I think I understand the issue about reps.
and warranties: it’s too late now to
be of use in a lawsuit by MBS investors
that would seek repurchases from banks?
In other words, they might succeed with
other issues, such as the PSA but not
the reps. and warranties in the prospectus
or elsewhwere?
Anyway, yesterday I watched the video of the FCIC with Angelides
in Sacramento around Sept. 23. There was a session with Johnson and
a current Clayton executive. Presumably, Clayton might
have kept copies of their “due diligence” and “compliance”

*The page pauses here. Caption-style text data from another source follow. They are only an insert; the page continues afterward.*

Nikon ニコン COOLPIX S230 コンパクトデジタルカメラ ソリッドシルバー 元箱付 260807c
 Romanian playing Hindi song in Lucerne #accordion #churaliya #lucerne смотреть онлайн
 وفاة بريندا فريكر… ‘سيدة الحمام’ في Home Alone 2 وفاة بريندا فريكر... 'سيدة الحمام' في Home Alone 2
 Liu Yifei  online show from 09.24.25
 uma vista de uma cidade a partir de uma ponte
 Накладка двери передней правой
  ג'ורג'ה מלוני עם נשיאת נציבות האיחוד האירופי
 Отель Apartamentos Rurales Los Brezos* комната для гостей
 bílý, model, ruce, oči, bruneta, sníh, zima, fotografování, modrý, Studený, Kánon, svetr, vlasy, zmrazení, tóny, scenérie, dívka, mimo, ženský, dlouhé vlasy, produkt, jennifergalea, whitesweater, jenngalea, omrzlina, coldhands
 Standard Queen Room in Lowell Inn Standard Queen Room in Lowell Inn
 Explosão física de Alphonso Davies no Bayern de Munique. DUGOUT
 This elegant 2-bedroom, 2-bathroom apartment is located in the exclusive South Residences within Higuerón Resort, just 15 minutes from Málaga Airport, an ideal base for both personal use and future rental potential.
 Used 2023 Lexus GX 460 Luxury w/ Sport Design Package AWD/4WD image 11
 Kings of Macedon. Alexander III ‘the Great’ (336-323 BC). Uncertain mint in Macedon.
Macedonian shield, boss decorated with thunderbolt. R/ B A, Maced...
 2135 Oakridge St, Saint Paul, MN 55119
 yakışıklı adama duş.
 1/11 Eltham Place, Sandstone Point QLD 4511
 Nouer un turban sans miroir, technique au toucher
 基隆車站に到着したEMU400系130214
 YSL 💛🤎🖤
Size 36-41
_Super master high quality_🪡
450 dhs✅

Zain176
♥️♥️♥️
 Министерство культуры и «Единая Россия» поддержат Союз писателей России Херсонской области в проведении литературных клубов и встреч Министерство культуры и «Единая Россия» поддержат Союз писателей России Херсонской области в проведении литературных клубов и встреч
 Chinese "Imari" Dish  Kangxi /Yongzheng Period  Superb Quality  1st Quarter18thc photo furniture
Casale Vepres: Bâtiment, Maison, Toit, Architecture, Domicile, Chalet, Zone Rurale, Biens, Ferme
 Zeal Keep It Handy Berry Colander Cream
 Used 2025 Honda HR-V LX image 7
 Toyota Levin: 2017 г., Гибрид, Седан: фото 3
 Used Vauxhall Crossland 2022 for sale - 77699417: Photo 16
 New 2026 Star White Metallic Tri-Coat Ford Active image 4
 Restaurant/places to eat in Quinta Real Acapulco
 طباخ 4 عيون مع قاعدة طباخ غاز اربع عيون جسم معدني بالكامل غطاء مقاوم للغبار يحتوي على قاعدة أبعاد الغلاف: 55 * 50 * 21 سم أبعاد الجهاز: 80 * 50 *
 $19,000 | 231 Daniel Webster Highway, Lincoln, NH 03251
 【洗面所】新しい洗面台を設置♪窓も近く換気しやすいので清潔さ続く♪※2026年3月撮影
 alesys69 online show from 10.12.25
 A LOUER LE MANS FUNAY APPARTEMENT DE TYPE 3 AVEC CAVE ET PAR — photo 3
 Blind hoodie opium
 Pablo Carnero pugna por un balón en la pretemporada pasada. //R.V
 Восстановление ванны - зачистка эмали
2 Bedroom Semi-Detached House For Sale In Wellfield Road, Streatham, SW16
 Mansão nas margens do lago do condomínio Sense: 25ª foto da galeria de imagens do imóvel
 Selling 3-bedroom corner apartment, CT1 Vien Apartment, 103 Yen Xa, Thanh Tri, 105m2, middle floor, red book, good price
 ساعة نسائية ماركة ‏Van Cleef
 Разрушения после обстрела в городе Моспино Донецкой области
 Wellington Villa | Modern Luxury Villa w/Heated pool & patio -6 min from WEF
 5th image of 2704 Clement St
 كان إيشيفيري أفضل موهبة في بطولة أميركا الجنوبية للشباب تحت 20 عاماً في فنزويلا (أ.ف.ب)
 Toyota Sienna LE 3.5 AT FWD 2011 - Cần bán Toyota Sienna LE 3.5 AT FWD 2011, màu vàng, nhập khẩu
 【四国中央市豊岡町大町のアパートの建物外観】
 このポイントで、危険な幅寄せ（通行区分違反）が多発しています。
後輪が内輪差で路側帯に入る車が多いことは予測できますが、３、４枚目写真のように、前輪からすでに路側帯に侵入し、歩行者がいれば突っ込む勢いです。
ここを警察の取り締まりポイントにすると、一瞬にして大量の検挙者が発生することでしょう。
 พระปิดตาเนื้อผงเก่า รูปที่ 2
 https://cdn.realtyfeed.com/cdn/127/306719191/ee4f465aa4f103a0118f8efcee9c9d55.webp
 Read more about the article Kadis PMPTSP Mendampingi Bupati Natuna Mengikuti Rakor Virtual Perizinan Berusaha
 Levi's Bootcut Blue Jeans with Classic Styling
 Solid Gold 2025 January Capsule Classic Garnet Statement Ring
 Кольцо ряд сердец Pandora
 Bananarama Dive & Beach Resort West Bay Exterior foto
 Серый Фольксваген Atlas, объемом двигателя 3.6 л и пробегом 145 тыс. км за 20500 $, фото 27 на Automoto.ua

testing/quality asuarance work. I don’t know if it was compliance for
REMIC rules, trust law, or the eventual securitization,
or none of the above.
I only watched the video once. I got the impression
the iBanks wished to know which loans had compliance
problems (per Johnson’s testimony). Still, as only about 10% of bought loans were
sampled, the iBanks would only know about “regulatory
compliance” problems for 10% of the mortgage/(mortage files) bought.
Anyway, assuming Clayton kept copies of their reports
on the total 910,000 loan files they sampled, and assuming a prosecutor
somehow got a copy of those from Clayton, do you think these and
maybe testimony from Clayton people could help
to establish “probable cause” or “reasonnable grounds”,
as the case may be, so that a judge might be willing to
issue a subpoena to an originator or iBank for
“lots” of mortage documentation files? The
attorney/prosecutor might want to see loan
documents as part of an investigation.